Crossing the Moon
A woman’s struggle to have a child yields a joyful surprise- the birth of a new self.
“So how was it, I wondered, that I had arrived at this point in my life: almost thirty-nine years old, no child? When I looked back, I could see why, and even when, I took a sharp turn away from motherhood. I could also see why motherhood would catch up with me.”
In her memoir, Crossing the Moon, Paulette Bates Alden recounts her own initial ambivalence about motherhood, embarking on a course of infertility treatment, and coming to terms with not having a child.
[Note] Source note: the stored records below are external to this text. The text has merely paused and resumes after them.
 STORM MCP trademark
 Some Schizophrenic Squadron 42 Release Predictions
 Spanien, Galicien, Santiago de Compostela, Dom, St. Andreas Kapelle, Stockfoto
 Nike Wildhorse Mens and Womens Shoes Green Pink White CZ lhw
The book is also an exploration of growing up Southern and female in the fifties; the conflicts encountered by a whole generation of women in the ’60’s when feminism overtook the traditional feminine roles of wife and mother; the aging of parents; the “bending and mending” of a mother and daughter relationship; and the importance and meaning of writing as a life choice.
Readers' Responses to "Crossing the Moon"
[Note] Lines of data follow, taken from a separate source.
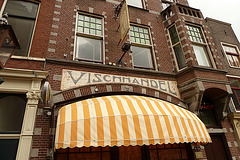 Tilework "Vischhandel"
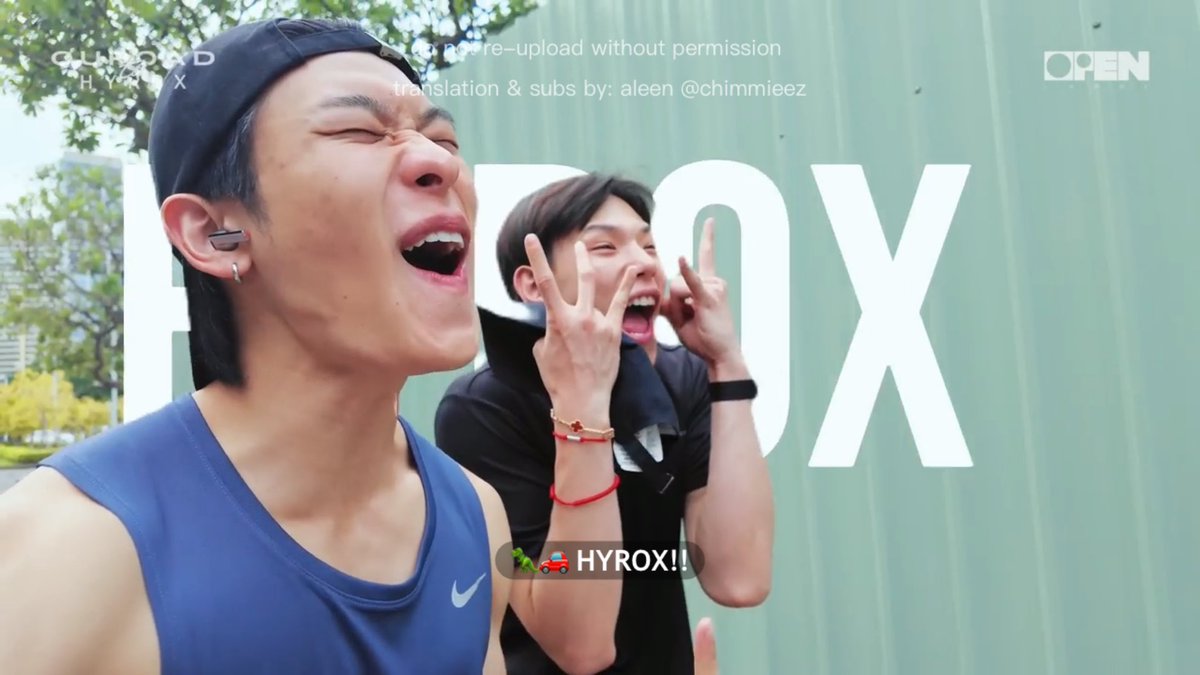 [ENG SUBS] #OUROADtoHYROXep1 made for DAOU &amp; OFFROAD and their fans 🫶🏻 enjoy watching! ✨ pls do not re-upload in full without permission 🙏 ฝากพี่ๆน้องๆเพื่อนๆนับดาวแชร์ด้วยนะคะ ~ #OUROADtoHYROX #ต้าห์อู๋ออฟโรด #DaouOffroad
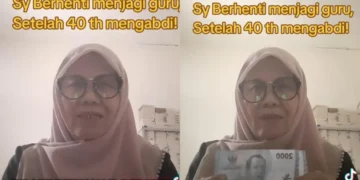 40 Tahun Mengabdi, Guru Honorer Bu Ijah Ini Hanya Terima Gaji Akhir 400 Ribu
“This book is by no means only for women struggling with infertility, no more than Moby-Dick is for budding whalers. Think of this more as a remarkable story of a perceptive writer’s journey.”
— BookPage
“…a memoir of defining personal conflict carried out with compassion, honesty, and grace.”
— The Bloomsbury Review
“…a full and rich memoir, the reflections of an intelligent writer who takes time to examine her past in order to understand her present… This book is both honest and reflective; Alden examines her emotions in a thoughtful, though by no means distant, way.”
— Minnesota Monthly
“Paulette Bates Alden is a writer’s writer, a stylist who illuminates both the inside and outside worlds with rare emotional precision. Her memoir displays a subtle intelligence that quietly addresses the deepest issues of everyday life. Her writing goes down easy, yet stays long in the head and heart.
— Blanche McCrary Boyd
“Paulette Bates Alden’s writing is precise and sensuous and pleasurable. But what lingers in the mind is her stubborn insistence on untangling the murky emotions within her and all of us–the sibling competition of hope and disappointment–and rendering those relationships in strictest justice. I have rarely read so moving and honest and fine a memoir.”
— Phillip Lopate
“The author’s gift for conveying the inexplicable and paradoxical, the supposedly instinctual, is what makes her memoir so compelling….Its wisdom and sensitivity ring true for all–women and men with children and without them.”
— Amy Wesolowski, The American Reporter
“Uncommonly sensitive and revealing….An eloquent examination without self-pity that helps resolve the now-common struggles of thirty-plus women who face not only infertility but the conflict between society’s expectations and personal fulfillment.”